ASSIGNMENT
Among the entries below, one stretch runs from the line that contains "Hyundai Sonata (DN8) id 3463209 из Кореи 17" through the line that contains "Hokuspokus Pearl Stud Ribbon Bag_Gray". Repeat that stretch exactly, ends included, and only that.

INPUT FOR THIS TASK
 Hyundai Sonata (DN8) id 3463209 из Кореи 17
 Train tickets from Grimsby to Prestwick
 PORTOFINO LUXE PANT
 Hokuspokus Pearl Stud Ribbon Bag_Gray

---

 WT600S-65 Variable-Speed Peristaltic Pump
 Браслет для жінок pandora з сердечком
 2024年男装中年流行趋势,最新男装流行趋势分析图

WRITTEN REPLY
 Hyundai Sonata (DN8) id 3463209 из Кореи 17
 Train tickets from Grimsby to Prestwick
 PORTOFINO LUXE PANT
 Hokuspokus Pearl Stud Ribbon Bag_Gray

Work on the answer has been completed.